Project Astra is in its early stages: this isn’t something that’s going to be available to the masses for a few months at least. That said, Google says that “some of these agent capabilities will come to Google products like the Gemini app later this year”, so it looks as though elements of Astra will appear gradually in Google’s apps as we go through 2024.
When we were given some hands-on time with Project Astra at I/O 2024, these sessions were limited to four minutes each – so that gives you some idea of how far away this is from being something that anyone, anywhere can make use of. What’s more, the Astra kit didn’t look particularly portable, and the Google reps were careful to refer to it as a prototype.
Taking all that together, we get the impression that some of the Project Astra tricks we’ve seen demoed might appear in the Google Gemini app sooner rather than later. At the same time, the full Astra experience – perhaps involving some dedicated hardware – is probably not going to be rolling out until 2025 at the earliest.
Now that Google has shared what Project Astra is and what it’s capable of, it’s likely that we’re going to hear a whole lot more about it in the months ahead.

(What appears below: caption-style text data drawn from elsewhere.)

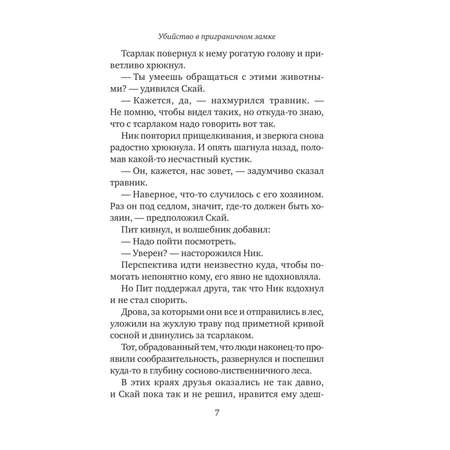 Книга Эксмо Убийство в приграничном замке (#4)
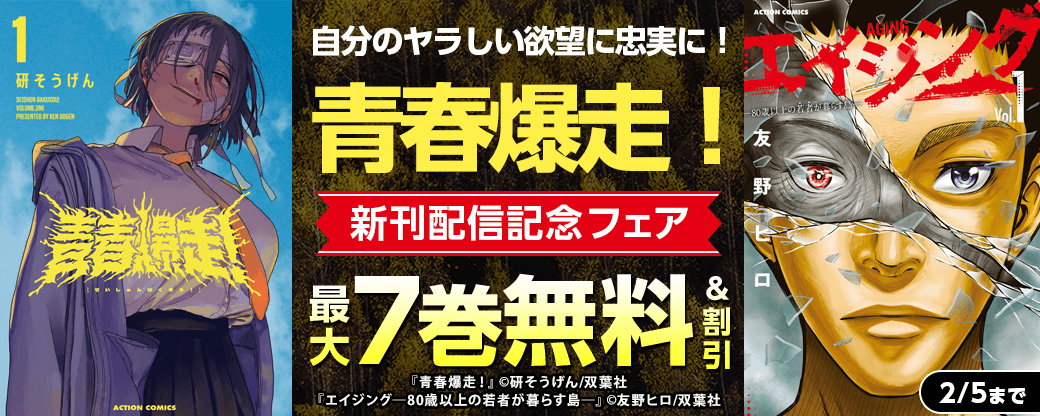 自分のヤラしい欲望に忠実に！　『青春爆走！』新刊配信記念フェア！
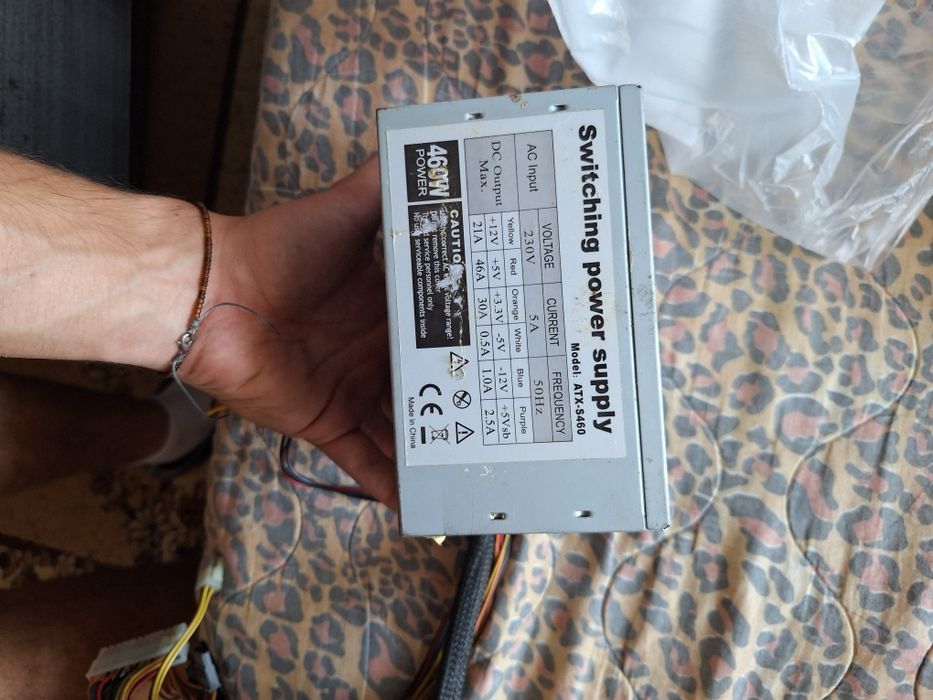 Компютър за части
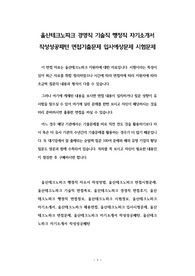 울산테크노파크 경영직 기술직 행정직 자기소개서 작성성공패턴 면접기출문제 입사예상문제 시험문제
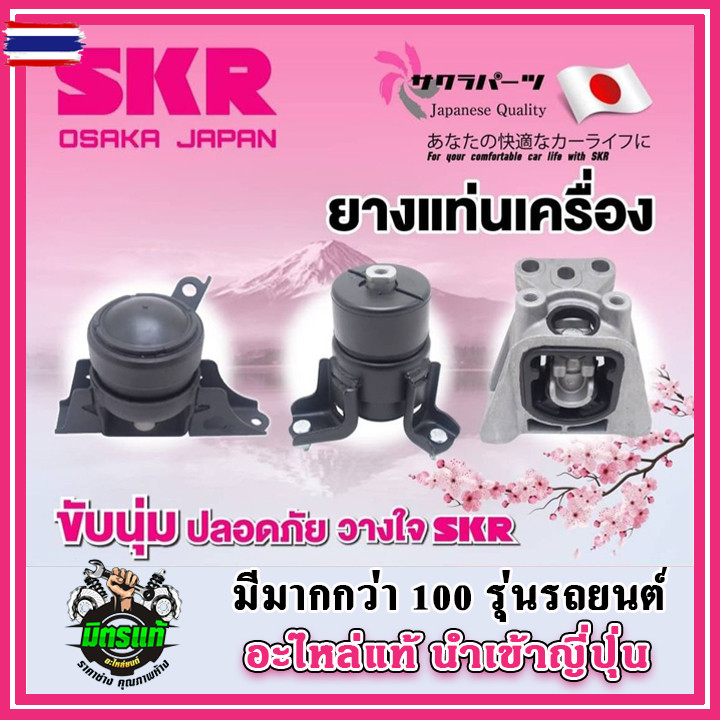 SKR ยางแท่นเครื่อง แท่นเกียร์ COROLLA โคโรล่า สามห่วง เกียร์ออโต้ AE 101, 110, 111 A/T อะไหล่แท้ญี่ป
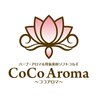 ココアロマ 神戸店のお店ロゴ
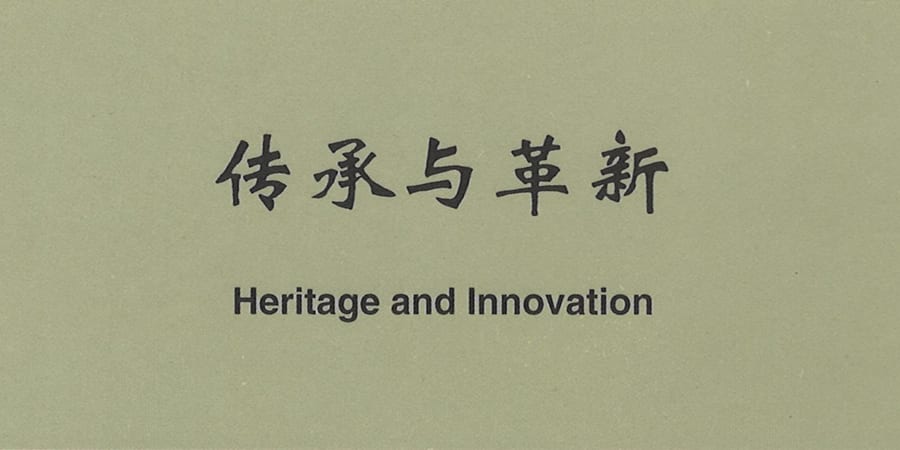 Heritage and Innovation—Retrospective Exhibition of Liu Guosong’s Works He Xiangning Art Gallery, Shenzhen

Bear in mind that ChatGPT and Dall-E developer OpenAI is busy pushing out major upgrades of its own, and Google isn’t going to want to be left behind.
What can I do with Project Astra?
One of Google’s demos shows Astra running on a phone, using its camera input and talking naturally to a user: it’s asked to flag up something in view that can play sounds, and correctly identifies a speaker. When an arrow is drawn on screen, Astra then recognizes and talks about the speaker component highlighted by the arrow.
In another demo, we see Astra correctly identifying world landmarks from drawings in a sketchbook. It’s also able to remember the order of objects in a list, identify a neighborhood from an image, understand the purpose of sections of code that are shown to it, and solve math problems that are written out.
There’s a lot of emphasis on recognizing objects, drawings, text, and more through a camera system – while at the same time understanding human speech and generating appropriate responses. This is the multimodal part of Project Astra in action, which makes it a step up from what we already have – with improvements in caching, recording, and processing key to the real time responsiveness.
In our hands-on time with Project Astra, we were able to get it to tell a story based on objects that we showed to the camera – and adapt the story as we went on. Further down the line, it’s not difficult to imagine Astra applying these smarts as you explore a city on vacation, or solve a physics problem on a whiteboard, or provide detailed information about what’s being shown in a sports game.
Which devices will include Project Astra?
In the demonstrations of Project Astra that Google has shown off so far, the AI is running on an unidentified smartphone and an unidentified pair of smart glasses – suggesting that we might not have heard the last of Google Glass yet.
Google has also hinted that Project Astra is going to be coming to devices with other form factors. We’ve already mentioned the Her movie, and it’s well within the realms of possibility that we might eventually see the Astra bot built into wireless earbuds (assuming they have a strong enough Wi-Fi connection).
In the hands-on area that was set up at Google I/O 2024, Astra was powered through a large camera, and could only work with a specific set of objects as props. Clearly, any device that runs Astra’s impressive features is going to need a lot of on-board processing power, or a very quick connection to the cloud, in order to keep up the real-time conversation that’s core to the AI.
As time goes on and technology improves, though, these limitations should slowly begin to be overcome. The next time we hear something major about Project Astra could be around the time of the launch of the Google Pixel 9 in the last few months of 2024; Google will no doubt want to make this the most AI-capable smartphone yet.